### Task prompt:
For the records that follow, please set down exactly the lines between the one holding "Tommy Svindal Larsen" and the one holding "UEFA EURO 28 UK & IRELAND", inclusive, and only those.

### Records shown:
#####
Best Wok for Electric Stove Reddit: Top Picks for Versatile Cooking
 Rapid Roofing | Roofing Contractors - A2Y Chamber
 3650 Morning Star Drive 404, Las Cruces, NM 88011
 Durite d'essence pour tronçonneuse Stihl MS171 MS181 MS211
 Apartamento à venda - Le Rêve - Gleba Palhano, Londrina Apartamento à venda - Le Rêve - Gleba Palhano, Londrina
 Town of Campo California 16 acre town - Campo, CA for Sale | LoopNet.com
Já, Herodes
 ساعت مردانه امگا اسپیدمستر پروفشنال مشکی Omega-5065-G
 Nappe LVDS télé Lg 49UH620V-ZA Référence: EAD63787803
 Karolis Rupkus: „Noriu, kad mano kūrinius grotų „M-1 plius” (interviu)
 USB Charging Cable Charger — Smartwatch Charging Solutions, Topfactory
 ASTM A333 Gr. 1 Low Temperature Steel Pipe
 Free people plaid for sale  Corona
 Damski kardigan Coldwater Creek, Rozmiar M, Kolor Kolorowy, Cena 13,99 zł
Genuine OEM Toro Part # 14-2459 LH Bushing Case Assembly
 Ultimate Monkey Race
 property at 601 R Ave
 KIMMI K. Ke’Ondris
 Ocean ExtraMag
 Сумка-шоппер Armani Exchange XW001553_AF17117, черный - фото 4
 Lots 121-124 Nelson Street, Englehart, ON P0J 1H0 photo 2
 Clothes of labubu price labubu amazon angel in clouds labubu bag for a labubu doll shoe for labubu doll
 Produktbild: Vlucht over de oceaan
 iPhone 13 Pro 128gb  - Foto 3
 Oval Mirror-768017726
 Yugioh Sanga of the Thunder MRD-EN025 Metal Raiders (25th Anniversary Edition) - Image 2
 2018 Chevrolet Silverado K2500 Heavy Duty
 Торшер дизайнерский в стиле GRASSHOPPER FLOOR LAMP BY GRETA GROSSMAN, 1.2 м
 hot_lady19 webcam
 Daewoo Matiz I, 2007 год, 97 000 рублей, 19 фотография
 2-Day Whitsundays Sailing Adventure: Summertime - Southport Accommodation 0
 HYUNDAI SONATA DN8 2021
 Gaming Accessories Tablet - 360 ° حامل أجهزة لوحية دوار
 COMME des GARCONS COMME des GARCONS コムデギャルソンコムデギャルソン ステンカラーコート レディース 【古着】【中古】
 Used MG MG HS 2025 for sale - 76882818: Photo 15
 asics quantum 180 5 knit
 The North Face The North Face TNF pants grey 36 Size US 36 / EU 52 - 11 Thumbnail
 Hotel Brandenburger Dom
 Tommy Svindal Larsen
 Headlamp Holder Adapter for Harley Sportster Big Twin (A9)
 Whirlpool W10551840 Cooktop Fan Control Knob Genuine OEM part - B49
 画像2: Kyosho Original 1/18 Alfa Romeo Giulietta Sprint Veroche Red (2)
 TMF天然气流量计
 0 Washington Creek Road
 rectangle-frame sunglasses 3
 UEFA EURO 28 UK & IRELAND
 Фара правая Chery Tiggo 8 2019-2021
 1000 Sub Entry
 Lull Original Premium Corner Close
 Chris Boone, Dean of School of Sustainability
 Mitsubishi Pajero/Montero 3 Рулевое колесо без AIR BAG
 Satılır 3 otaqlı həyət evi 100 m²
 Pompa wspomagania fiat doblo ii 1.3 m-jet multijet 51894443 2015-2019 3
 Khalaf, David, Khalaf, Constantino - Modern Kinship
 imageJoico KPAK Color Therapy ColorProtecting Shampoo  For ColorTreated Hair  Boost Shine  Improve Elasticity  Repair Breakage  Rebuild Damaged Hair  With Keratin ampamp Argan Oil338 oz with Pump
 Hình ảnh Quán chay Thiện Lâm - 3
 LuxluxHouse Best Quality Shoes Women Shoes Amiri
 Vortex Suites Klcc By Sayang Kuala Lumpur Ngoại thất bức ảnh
#####
### Final answer:
 Tommy Svindal Larsen
 Headlamp Holder Adapter for Harley Sportster Big Twin (A9)
 Whirlpool W10551840 Cooktop Fan Control Knob Genuine OEM part - B49
 画像2: Kyosho Original 1/18 Alfa Romeo Giulietta Sprint Veroche Red (2)
 TMF天然气流量计
 0 Washington Creek Road
 rectangle-frame sunglasses 3
 UEFA EURO 28 UK & IRELAND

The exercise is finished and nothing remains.